City officials said they chose the design for these “gateway” markers for both their functionality and artistic appeal. The sign design includes stone and wave-like graphics symbolizing Lake Lanier, with “Gainesville” inscribed from the bottom up.
“It’s very good for the recognition of our city,” Mayor Danny Dunagan said. “I’ve heard nothing but compliments.”
City officials are planning to install way-finding signage aimed at motorists, pedestrians and bicyclists alike, pointing both residents and visitors to various destinations in Gainesville, including tourist attractions, shopping centers, parks, historic districts and more.
City spokeswoman Catiel Felts said the Georgia Department of Transportation has asked the city to reduce the number of signs it initially proposed installing, but that the city remains committed to having them.

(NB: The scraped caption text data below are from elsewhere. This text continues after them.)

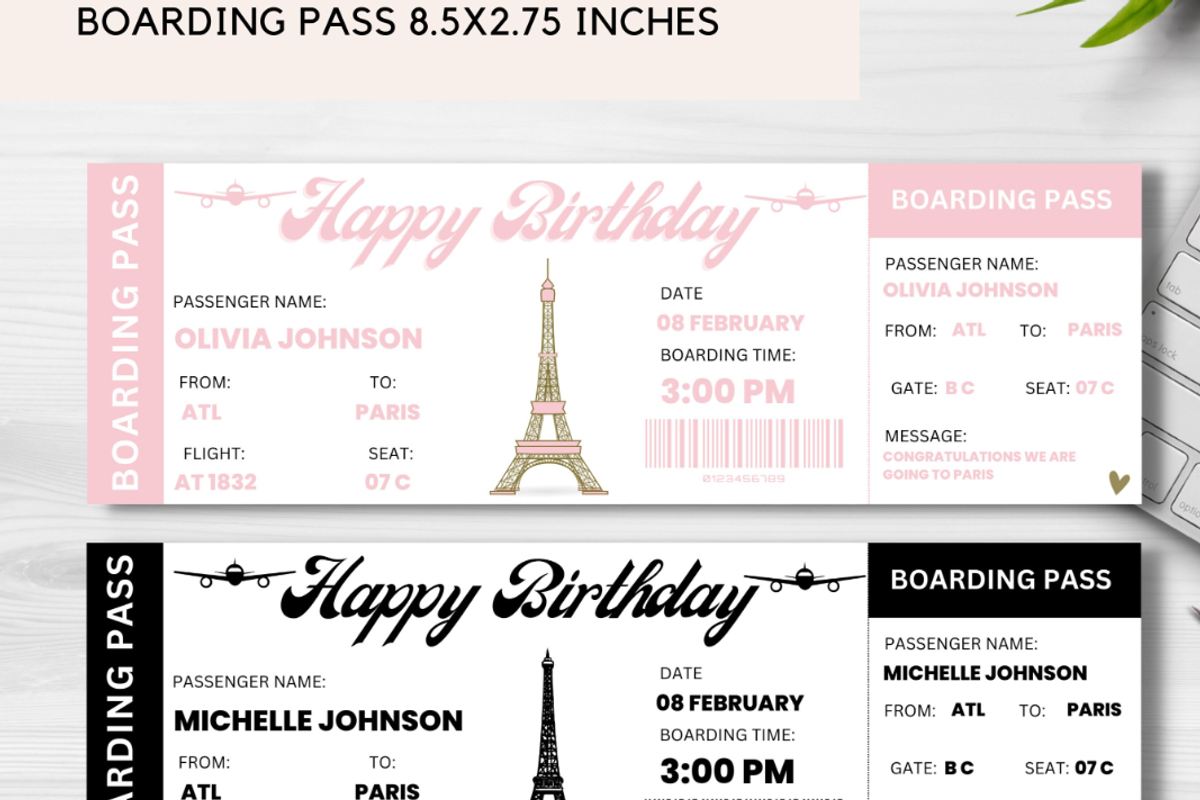 Happy Birthday Boarding Pass, a Card Template by YasdeyDesigns (Photo 6 of 8)
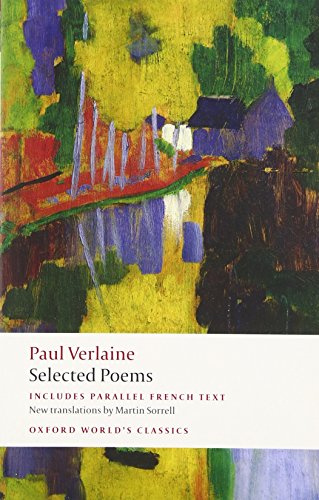 Book cover: “Selected Poems” by Paul Verlaine with abstract landscape art.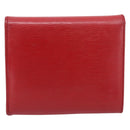 PRADA Bifold Wallet Saffiano leather Red Gold Auth 197960A-2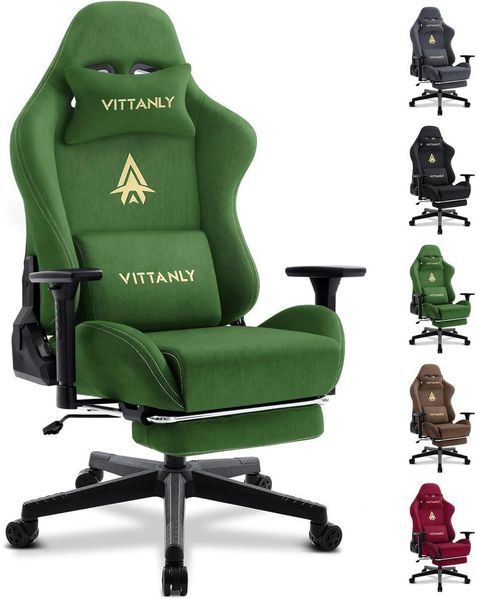 Luxuriöser Gaming Stuhl Atmungsaktives Wildlederimitat Grün 90-155° Recamiere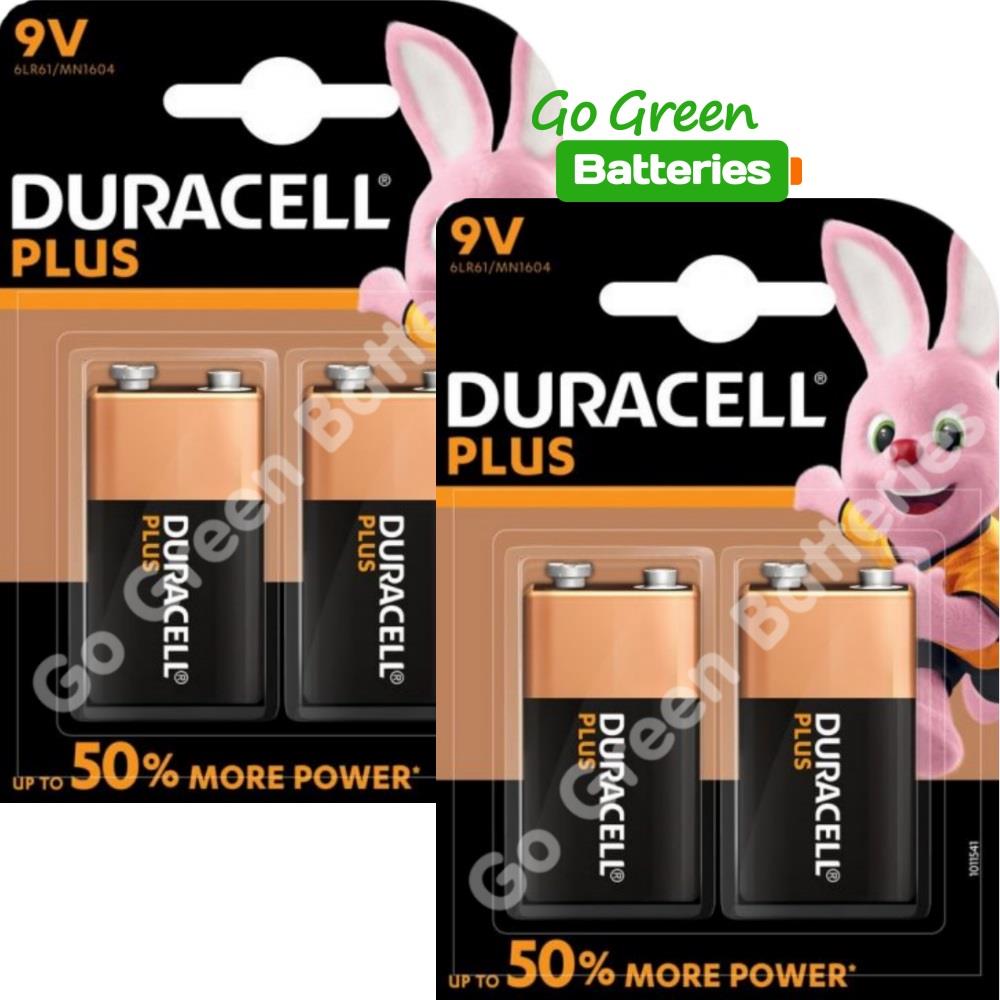 4 x Duracell 9V PP3 Plus Power Batteries, Smoke Alarms (LR22, MN1604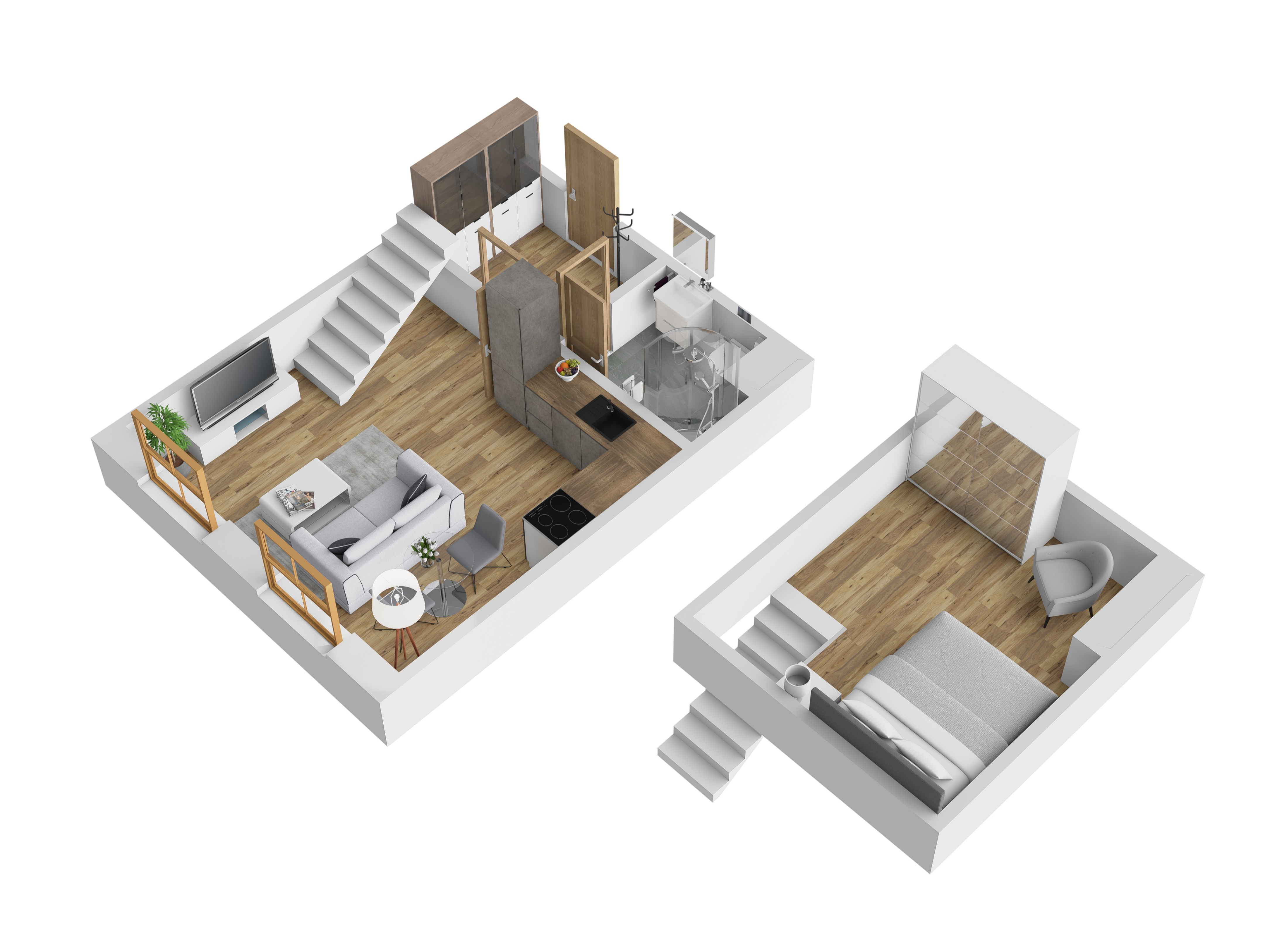 3D vizualizace apartmánu B — mezonet (dvoupodlažní uspořádání), 50 m² (orientační zařízení).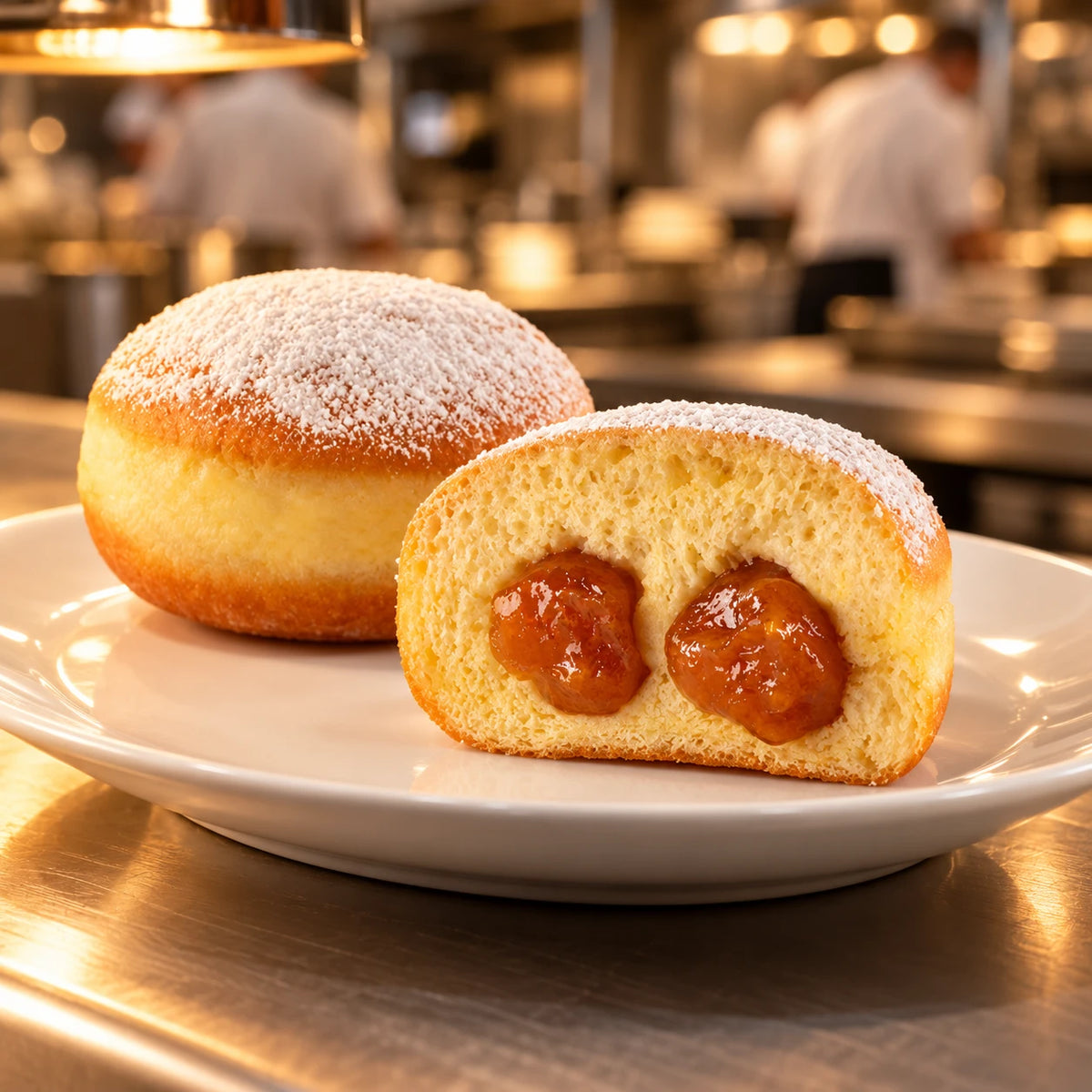 Krapfen all'Albicocca su piatto bianco al pass di una cucina professionale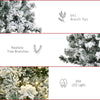 7.5ft Christmas Tree Artificial Snow Flocked Christmas Tree with Warm White LED Light, Holiday Home Xmas Decoration, Green White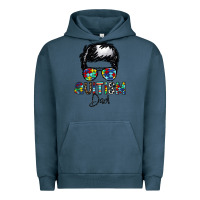 Pigment Midnight Navy autism dad Urban Hoodie - CowhideDigitalArt
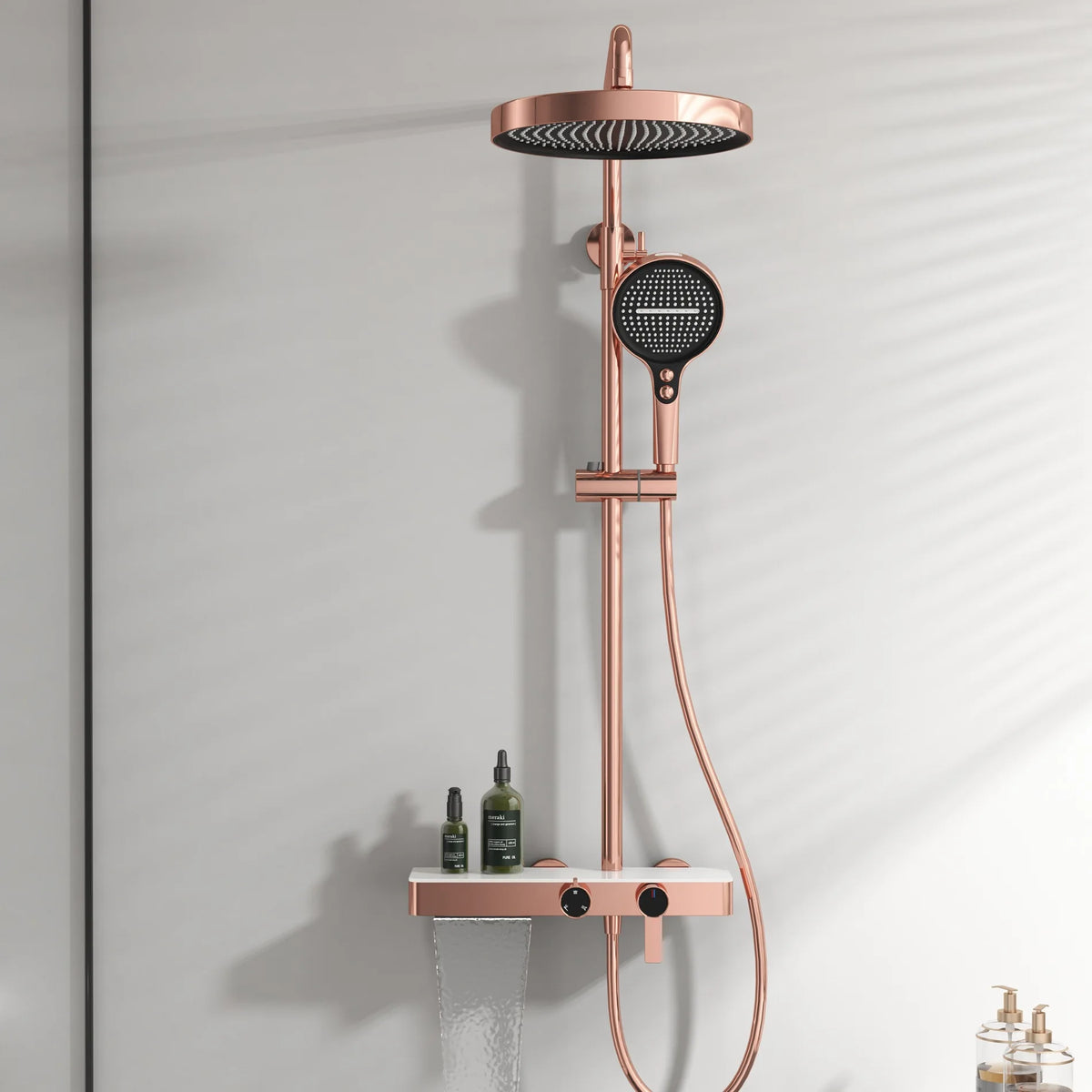 Pink Waterfall Piano Bathroom Shower 12 Inch Rainfall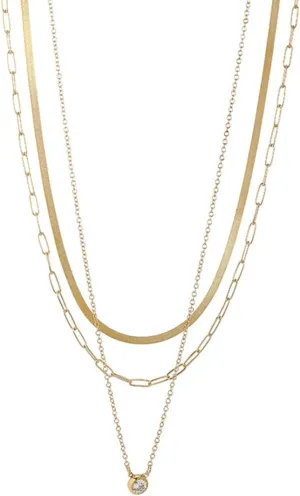 Gold Layered Necklace for Women Dainty Necklace Set Gold Stacked Necklace Simple Pendant Herringbone/Snake Chain/Paperclip Chain Gift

It’s important, Felts said, because some visitors traveling down Jesse Jewell Parkway and E.E. Butler Parkway might not even be aware that the downtown square is nearby.
Sky Design, a firm with offices in Atlanta and San Francisco, was hired to design the signs at a cost of $33,000. About $975,000 has been budgeted for the entire project, including installation.
City officials have said it’s important to brand the city in this way and build upon the tourism industry that annually generates an estimated economic impact of $9 million or more.
Moreover, Dunagan said, funding for the signage is taken not from property taxes, but rather a tax applied to hotel and motel stays, meaning some of the funding is coming directly from the very tourists and visitors the city hopes to continue attracting with the signage.